__Task input__
● ● ●

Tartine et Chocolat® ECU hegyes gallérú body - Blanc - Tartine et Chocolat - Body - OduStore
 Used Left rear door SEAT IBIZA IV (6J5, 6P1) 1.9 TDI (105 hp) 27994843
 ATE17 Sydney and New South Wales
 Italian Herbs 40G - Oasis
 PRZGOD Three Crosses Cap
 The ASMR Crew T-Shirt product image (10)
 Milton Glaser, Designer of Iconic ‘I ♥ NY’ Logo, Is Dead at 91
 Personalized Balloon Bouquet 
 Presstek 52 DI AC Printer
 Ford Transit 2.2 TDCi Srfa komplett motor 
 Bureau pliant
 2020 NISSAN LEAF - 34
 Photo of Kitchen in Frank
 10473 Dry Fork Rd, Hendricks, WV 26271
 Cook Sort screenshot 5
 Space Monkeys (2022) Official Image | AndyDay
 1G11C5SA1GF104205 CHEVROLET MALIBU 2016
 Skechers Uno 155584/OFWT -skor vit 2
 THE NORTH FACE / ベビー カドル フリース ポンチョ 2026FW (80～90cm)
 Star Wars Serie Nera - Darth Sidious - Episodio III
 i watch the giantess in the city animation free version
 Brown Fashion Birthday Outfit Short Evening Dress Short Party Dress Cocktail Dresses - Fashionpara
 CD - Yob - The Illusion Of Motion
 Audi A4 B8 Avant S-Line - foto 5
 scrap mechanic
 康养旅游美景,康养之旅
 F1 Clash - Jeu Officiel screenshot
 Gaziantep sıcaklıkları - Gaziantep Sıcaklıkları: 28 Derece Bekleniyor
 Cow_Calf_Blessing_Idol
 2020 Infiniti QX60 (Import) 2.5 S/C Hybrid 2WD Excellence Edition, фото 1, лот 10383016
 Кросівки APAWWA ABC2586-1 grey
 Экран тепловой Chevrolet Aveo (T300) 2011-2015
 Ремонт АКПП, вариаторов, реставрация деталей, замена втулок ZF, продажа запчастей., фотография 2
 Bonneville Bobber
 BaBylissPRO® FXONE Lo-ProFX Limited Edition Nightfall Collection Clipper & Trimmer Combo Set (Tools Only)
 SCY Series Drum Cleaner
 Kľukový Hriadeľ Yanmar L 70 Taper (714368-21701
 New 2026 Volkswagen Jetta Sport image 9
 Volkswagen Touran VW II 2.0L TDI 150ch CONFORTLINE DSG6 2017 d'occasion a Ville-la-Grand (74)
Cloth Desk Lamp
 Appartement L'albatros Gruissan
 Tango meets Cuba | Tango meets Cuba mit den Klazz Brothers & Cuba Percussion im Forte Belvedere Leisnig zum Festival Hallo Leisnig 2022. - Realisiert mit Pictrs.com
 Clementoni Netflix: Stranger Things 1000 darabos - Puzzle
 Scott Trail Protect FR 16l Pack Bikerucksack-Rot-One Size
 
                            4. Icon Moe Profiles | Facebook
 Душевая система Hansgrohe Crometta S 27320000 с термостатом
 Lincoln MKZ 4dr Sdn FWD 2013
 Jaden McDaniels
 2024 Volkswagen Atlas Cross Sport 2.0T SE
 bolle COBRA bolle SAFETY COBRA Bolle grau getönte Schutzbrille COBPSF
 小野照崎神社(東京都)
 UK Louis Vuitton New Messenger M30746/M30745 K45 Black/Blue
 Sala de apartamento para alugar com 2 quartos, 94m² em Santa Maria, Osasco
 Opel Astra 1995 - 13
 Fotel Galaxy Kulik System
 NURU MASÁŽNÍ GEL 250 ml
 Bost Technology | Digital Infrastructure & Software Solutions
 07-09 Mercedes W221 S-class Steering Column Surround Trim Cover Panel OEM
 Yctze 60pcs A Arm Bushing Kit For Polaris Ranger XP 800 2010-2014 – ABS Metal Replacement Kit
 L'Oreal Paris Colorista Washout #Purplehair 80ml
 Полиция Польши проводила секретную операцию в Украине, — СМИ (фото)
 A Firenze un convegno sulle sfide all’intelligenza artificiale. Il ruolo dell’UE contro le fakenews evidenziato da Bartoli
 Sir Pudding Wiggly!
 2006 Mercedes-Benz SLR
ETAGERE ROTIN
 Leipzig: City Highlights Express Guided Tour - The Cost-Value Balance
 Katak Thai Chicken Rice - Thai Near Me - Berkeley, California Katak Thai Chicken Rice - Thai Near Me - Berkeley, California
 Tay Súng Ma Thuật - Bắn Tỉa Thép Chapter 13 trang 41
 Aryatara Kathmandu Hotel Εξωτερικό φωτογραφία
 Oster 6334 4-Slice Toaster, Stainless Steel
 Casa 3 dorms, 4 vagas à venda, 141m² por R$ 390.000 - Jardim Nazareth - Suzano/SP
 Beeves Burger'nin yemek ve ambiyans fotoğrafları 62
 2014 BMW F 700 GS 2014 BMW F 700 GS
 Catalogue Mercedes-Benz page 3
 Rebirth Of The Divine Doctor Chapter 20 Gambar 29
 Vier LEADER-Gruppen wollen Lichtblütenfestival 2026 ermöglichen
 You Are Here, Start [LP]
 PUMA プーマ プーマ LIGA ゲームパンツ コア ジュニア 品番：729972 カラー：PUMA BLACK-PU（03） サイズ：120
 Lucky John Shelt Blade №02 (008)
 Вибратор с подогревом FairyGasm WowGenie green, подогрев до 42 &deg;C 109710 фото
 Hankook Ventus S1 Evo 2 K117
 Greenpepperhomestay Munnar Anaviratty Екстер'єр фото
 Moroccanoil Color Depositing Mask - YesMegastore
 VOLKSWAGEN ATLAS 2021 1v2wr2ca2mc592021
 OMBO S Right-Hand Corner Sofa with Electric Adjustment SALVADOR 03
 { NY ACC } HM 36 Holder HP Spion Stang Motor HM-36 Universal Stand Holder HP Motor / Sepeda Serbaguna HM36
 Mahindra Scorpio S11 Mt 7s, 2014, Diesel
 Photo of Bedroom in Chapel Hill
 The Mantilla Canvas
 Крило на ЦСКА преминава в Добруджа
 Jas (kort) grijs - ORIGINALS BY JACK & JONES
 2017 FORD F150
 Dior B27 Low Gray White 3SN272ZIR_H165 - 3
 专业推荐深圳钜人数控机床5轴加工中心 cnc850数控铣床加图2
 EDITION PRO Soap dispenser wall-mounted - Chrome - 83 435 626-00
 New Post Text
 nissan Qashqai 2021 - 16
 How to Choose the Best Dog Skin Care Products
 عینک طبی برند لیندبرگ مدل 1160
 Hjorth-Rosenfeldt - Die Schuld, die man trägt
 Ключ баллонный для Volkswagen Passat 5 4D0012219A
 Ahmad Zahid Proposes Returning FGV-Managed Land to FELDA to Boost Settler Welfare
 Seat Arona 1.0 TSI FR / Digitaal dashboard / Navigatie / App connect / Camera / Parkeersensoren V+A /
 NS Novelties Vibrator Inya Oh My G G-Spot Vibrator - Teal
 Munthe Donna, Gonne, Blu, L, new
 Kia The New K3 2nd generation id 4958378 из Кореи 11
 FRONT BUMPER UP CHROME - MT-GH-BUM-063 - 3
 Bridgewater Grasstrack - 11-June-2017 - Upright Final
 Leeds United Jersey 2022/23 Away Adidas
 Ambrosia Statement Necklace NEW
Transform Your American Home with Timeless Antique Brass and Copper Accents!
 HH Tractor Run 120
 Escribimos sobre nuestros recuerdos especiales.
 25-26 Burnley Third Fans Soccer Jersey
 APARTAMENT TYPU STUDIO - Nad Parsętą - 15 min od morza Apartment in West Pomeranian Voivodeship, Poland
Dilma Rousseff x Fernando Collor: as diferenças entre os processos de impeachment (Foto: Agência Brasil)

● ● ●

__Task details__
Your answer should consist of the lines above that hold the word "Mercedes".

__Solution below__
 07-09 Mercedes W221 S-class Steering Column Surround Trim Cover Panel OEM
 2006 Mercedes-Benz SLR
 Catalogue Mercedes-Benz page 3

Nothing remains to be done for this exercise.